Move over, hybrids. Two University of Missouri-Rolla researchers are working on a way to transform current automobiles into leaner, greener vehicles.
Rather than changing the design of a spark-ignition engine, the researchers are developing a control strategy that would learn "on the fly" how to operate the engine cleaner and more efficiently.
"The neural network controller would learn the dynamics of the engine and then come up with a control command that puts the system in a better mode of operation," says Dr. Jagannathan Sarangapani, associate professor of electrical engineering at UMR. "One of the good features of a neural network controller is that it will learn online. That would allow us to put it on any car you want and it should be able to learn to some extent."
Artificial neural networks are adaptive systems, which are based on biological systems. "When working on a problem, the neural networks ‘learn’ based on the successful connections they make between neurons or nodes," Sarangapani explains. "The networks learn by modifying the weights interconnecting the neurons. Changing the weights changes the knowledge stored in the neural network."

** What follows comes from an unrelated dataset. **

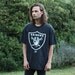 Faded Black Raiders Logo T Shirt - M/L
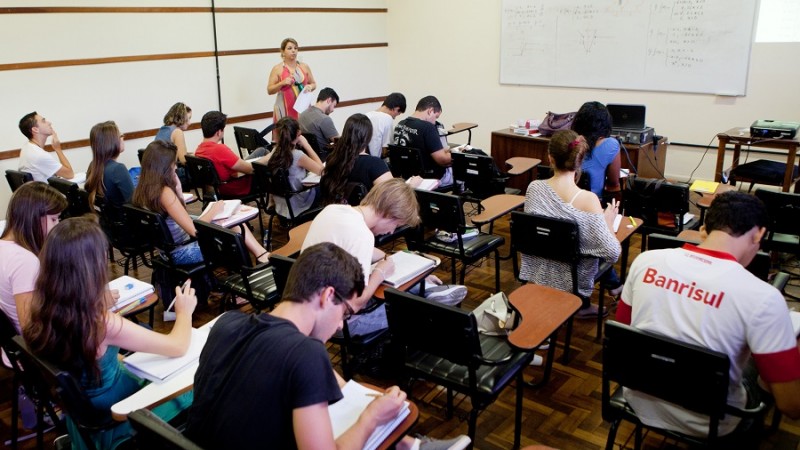 Sala de aula com estudantes sentados em suas mesas, de costas para o fotógrafo. À esquerda, uma professora em pé e, em frente aos estudantes, a mesa do professor e uma lousa branca.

Spark-ignition engines need both fuel and air to operate, says Dr. Jim Drallmeier, professor of mechanical and aerospace engineering at UMR. "We need both of them together," Drallmeier says. "If, however, I can operate the engine in a situation where I can give it less fuel for the same amount of air, the engine will behave differently. And that’s what we’re doing here. Current engine designs are not able to handle that well. What we’re trying to do is get it to the point where it does handle it well."

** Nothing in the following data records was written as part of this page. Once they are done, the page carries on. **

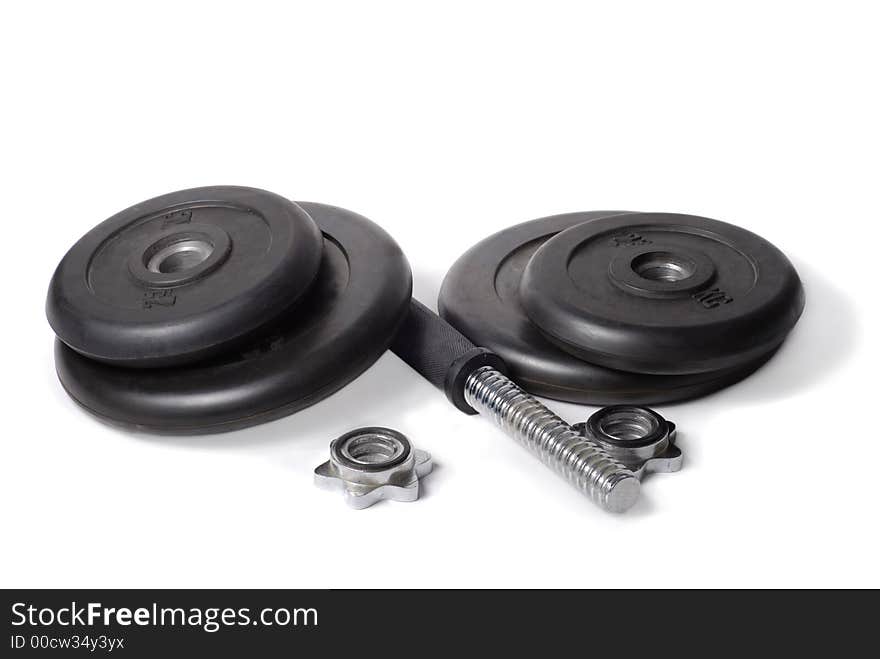 Completely disassembled black rubber dumbbell over white background. Completely disassembled black rubber dumbbell over white background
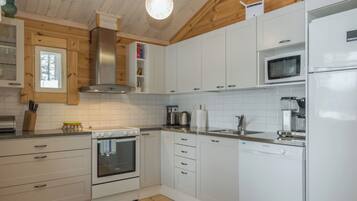 A modern kitchen with white cabinets, stainless steel appliances, and a wooden ceiling.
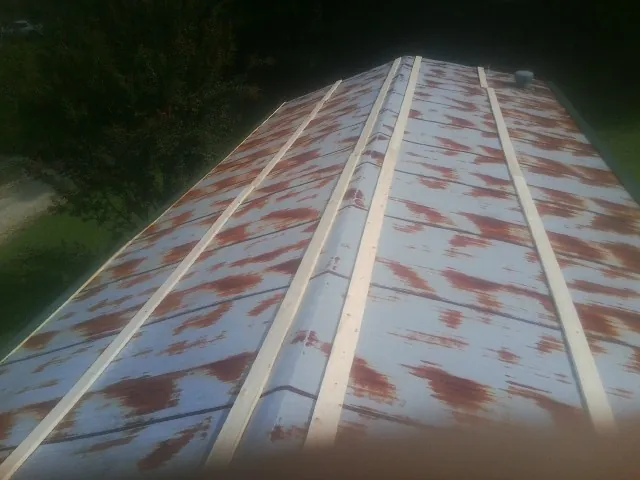 Rusted metal roof panels with new wood purlins before replacement — Storm Damage Roof Repair in Bellevue by Roofing Brothers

Building on research done previously in the Internal Combustion Engine Laboratory on campus, the researchers are working to operate spark-ignition engines with much cooler combustion than previously possible, providing significant reductions in nitrogen oxide emissions.

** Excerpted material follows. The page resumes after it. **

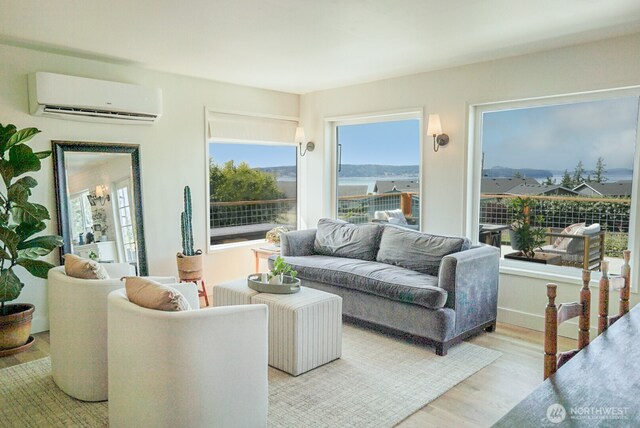 1083 N Vista Del Monte St, Camano Island, WA 98282 - living area featuring a wall mounted air conditioner, light wood-style floors, and plenty of natural light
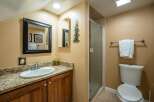 This charming bathroom features a stylish vanity with a granite countertop and a sleek, modern sink.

"Our objective is to show a drastic reduction more than 50 percent in harmful products such as nitrogen oxides, carbon dioxides, and hydrocarbons coming out of an engine and to improve the fuel efficiency by about 5 percent," says Sarangapani. "These are significant reductions in the long term. If you think about a 20-gallon car, that’s about a half a gallon to a gallon per tank of gas."
The gain in fuel efficiency also provides an immediate reduction in carbon dioxide emissions. "If I’m using less fuel, I’m producing less carbon dioxide, which helps from the viewpoint of greenhouse gases," adds Drallmeier.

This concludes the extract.